→ Exercise prompt: Return the data below exactly, minus the pictures.

═════ Recorded information ═════

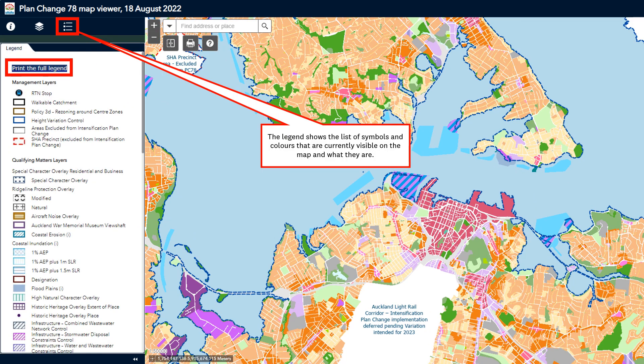And finally, the Legends tab. This provides a full list of symbols and colours that are currently visible on the map and what they mean. To print the legend, click on the box highlighted in the left panel.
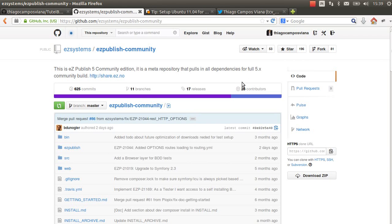Hello, EasyPublish community. My name is Thiago and today I'll show how to install EasyPublish 5, the community version, directly from the GitHub repository.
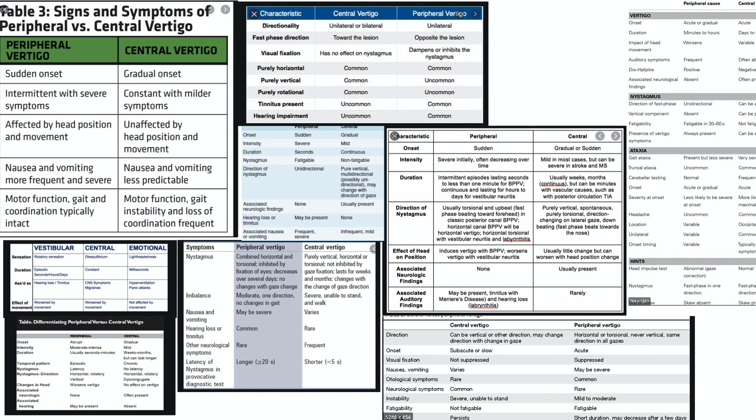Cerebellar stroke can present so similarly to vestibular neuritis that vertigo specialists had to come up with the HINTS exam to tell them apart. So how can you design a useful central versus peripheral table given these facts? You really can't. These tables aren't helpful and in most cases are misleading. I suggest you use my big three of vertigo approach instead, and I'll put the link for my recent CMAJ article about it in the video description.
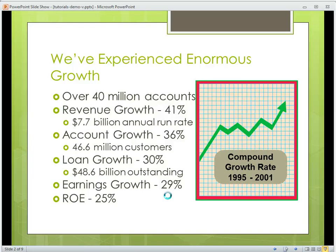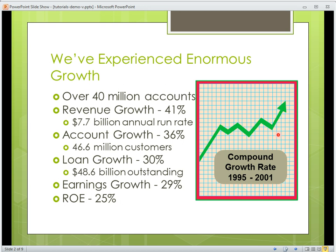If I click on the Control button, you'll notice that the mouse disappears, and now when I click the left mouse button I have a little laser pointer icon. So I can focus on — here's the 40 million accounts, we have a 25% ROE, and then over here we have this compound growth rate from 1995.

═════

→ Expected answer:
And finally, the Legends tab. This provides a full list of symbols and colours that are currently visible on the map and what they mean. To print the legend, click on the box highlighted in the left panel.
Hello, EasyPublish community. My name is Thiago and today I'll show how to install EasyPublish 5, the community version, directly from the GitHub repository.
Cerebellar stroke can present so similarly to vestibular neuritis that vertigo specialists had to come up with the HINTS exam to tell them apart. So how can you design a useful central versus peripheral table given these facts? You really can't. These tables aren't helpful and in most cases are misleading. I suggest you use my big three of vertigo approach instead, and I'll put the link for my recent CMAJ article about it in the video description.
If I click on the Control button, you'll notice that the mouse disappears, and now when I click the left mouse button I have a little laser pointer icon. So I can focus on — here's the 40 million accounts, we have a 25% ROE, and then over here we have this compound growth rate from 1995.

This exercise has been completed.